4

My situation is that a SQL statement which is not predictable, is given to the program and I need to do pagination on top of it. The final SQL statement would be similar to the following one:

SELECT * FROM (*Given SQL Statement*) b 
OFFSET 0 ROWS FETCH NEXT 50 ROWS ONLY;

The problem here is that the *Given SQL Statement* is unpredictable. It may or may not contain order by clause. I am not able to change the query result of this SQL Statement and I need to do pagination on it.

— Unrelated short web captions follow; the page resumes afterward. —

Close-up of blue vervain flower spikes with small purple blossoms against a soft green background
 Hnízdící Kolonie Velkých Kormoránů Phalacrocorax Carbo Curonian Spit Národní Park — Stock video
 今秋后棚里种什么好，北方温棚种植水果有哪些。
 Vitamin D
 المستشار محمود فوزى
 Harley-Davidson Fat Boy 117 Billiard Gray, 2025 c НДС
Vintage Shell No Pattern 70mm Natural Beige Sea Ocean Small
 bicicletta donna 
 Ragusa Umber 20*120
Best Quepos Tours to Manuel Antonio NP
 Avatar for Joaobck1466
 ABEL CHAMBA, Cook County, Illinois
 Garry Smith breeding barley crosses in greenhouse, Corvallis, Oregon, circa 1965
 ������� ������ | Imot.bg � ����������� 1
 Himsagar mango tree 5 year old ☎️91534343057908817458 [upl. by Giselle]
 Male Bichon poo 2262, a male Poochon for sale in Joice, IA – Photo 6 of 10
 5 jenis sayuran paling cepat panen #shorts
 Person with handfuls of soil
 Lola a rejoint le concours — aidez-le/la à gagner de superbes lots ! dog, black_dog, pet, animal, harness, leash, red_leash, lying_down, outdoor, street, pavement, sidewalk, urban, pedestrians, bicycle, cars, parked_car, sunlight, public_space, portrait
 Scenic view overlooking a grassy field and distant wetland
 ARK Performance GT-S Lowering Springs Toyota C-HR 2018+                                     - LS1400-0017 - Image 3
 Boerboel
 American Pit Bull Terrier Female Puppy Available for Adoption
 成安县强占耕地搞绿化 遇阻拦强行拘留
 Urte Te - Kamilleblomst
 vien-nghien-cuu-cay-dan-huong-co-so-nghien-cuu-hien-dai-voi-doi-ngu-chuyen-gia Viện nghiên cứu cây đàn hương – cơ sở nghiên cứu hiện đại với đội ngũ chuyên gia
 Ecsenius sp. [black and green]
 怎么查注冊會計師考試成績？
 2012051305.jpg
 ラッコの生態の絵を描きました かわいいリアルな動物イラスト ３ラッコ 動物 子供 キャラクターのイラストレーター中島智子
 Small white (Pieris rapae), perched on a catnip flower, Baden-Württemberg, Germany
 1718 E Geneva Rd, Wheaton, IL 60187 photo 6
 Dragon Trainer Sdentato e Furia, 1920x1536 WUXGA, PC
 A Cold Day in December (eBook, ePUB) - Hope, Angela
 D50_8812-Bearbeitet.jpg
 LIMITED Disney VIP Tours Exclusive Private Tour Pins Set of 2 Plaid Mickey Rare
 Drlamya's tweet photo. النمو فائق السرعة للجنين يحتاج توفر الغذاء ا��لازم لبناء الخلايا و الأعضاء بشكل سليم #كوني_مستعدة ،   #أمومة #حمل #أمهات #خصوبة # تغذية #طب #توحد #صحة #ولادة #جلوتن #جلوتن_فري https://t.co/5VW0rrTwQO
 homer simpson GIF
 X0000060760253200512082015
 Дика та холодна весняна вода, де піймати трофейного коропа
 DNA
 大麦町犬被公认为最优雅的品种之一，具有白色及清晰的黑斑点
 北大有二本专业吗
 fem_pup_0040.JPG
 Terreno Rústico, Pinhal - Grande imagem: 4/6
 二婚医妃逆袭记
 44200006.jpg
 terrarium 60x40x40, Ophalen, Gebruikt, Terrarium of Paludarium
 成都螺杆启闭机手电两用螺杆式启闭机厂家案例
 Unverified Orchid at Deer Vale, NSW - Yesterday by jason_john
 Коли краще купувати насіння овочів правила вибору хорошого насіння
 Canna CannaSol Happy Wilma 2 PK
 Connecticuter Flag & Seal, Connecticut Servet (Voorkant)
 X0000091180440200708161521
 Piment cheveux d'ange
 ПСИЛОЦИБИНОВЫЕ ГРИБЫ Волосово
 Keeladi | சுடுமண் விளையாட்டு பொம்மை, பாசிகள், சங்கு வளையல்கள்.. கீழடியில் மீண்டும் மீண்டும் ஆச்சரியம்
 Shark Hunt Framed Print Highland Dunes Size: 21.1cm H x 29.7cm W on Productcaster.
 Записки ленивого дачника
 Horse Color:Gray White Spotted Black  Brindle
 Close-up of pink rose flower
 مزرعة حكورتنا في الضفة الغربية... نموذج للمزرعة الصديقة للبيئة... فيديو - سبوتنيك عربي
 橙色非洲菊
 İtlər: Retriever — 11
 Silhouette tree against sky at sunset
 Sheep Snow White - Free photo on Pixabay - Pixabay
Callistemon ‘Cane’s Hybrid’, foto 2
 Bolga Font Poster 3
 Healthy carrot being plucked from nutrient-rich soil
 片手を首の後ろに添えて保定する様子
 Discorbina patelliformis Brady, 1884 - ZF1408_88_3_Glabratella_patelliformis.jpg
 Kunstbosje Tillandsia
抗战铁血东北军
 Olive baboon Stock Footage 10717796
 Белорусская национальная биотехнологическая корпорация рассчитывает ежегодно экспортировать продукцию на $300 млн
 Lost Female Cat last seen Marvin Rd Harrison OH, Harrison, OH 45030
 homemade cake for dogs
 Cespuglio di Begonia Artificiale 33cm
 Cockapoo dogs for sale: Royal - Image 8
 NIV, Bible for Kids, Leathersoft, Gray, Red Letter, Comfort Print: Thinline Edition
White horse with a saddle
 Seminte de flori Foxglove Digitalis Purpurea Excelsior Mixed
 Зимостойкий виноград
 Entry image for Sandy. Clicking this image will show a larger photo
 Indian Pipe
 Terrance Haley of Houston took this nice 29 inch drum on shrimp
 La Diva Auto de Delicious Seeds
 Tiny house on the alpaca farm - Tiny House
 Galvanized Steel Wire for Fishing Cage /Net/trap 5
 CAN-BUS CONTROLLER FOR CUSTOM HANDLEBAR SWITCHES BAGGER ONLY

I searched for solution on the Internet, but all of them suggested to use an arbitrary column, like primary key, in order by clause. But it will change the original order.

shA.t
  • 16,580
  • 5
  • 54
  • 111
Code Chewer
  • 41
  • 1
  • 4
  • See http://stackoverflow.com/questions/10064532/the-order-of-a-sql-select-statement-without-order-by-clause So - you should add a ORER BY. I guess youi could just check GIVEN SQL Statment and add ORDER BY 1 to order by the first column if nmot specified – AntDC Mar 14 '17 at 10:31
  • You say "I am not able to change the query result of this SQL Statement", does that also mean you cannot change the statement before the result is obtained? You need to clarify in your question _exactly_ what can, and can't, be changed in the system to get the result you want. At what point in the data flow are you involved? Do you have access to the database or are you just operating on data flowing from one place to another? Basically, what's the system architecture? – Tony Mar 14 '17 at 10:52
  • Thank you for your reply. I can change the statement before execution without affecting the original result. The problem is the statement is unknown. Even I can change it, I am not sure the impact of changing it. There is no complicated system architecture involved in this question. I am only responsible for doing pagination on any SQL statement received by the application and output the result. – Code Chewer Mar 14 '17 at 11:05
  • If you cannot rely on deterministic ordering from the inner query, then it is not feasible to carry out pagination in the database. A more reliable alternative would be to return the whole result set to the application and allow it to paginate based on the (arbitrary) order of the results (assuming there's a front end application of some kind generating the inner query). – Ed Harper Mar 14 '17 at 11:15
  • You are right. It is no way to guarantee the ordering is deterministic, so the order by clause in inner SQL statement may be useless in this case. But the size of database is large, so it is not possible to return all the query result and do pagination later. – Code Chewer Mar 14 '17 at 11:46

5 Answers5

3

The short answer is that it can't be done, or at least can't be done properly.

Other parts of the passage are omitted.